I’ve wearied of hearing believers complain about the pandemic, spin conspiracy theories to pretend it doesn’t exist, embrace flaky click-bait inspired ideas about the CDC, Fauci, and COVID-19, and then wrap themselves in the flag of faith to justify it all.

It’s worrisome because Christians are called to be the light of the world, not the butt of jokes. We are to lead people to life, not destruction. The sources of Christians’ current confusion are ignorance, fear, an unbiblical view of faith, and pride.

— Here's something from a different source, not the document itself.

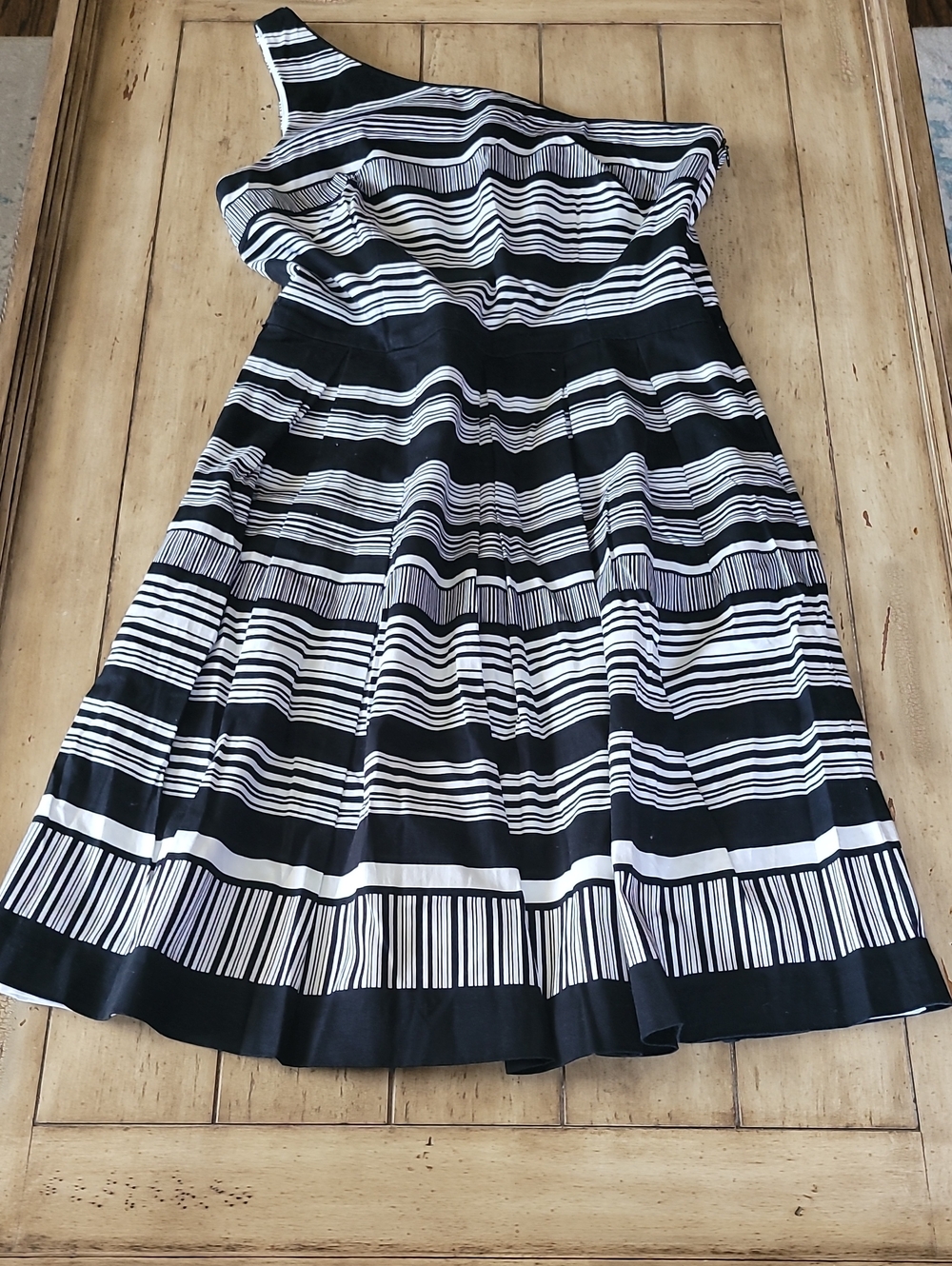 White House Black Market Black & White One-Shoulder Striped Midi Dress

Ignorance: Historical context for the pandemic. We are ignorant of history. There is nothing historically unusual about plagues and pandemics, and the serious ones typically last longer than two years. The plague of Cyprian lasted from 249 A.D. to 262 A.D, the plague of Justinian from 541 A.D. to 549 A.D., and the Black Death in Europe from 1346 to 1353. Yet, Christians complain because this pandemic has dragged on for nearly two years, and we still have to wear masks to church. We should set a better example.

Fear: On conspiracy theories. It is well-settled that people embrace conspiracy theories when they are unable or unwilling to accept the scary, unpleasant truths of reality. If Christians are going to be the light of the world, they need to lead in facing ugly realities and showing the world the path to Jesus, not pimping crazy-town theories about Bill Gates trying to implant chips in our arms through COVID vaccines. Such beliefs are motivated by fear, not faith. 

Unbiblical faith and real faith. The idea that getting vaccinated or wearing a mask shows a lack of faith is both naive and unbiblical. It’s like crossing a busy street and refusing to look both ways because you are “trusting God.” That is testing God, not trusting Him, and it brings God’s judgment, not His approval. It’s forcing God to act on your behalf. It’s what Satan asked Jesus to do when he suggested Jesus parachute off the top of the temple without a parachute. See Matthew 4:5-7. God will not be manipulated by our misguided view of faith.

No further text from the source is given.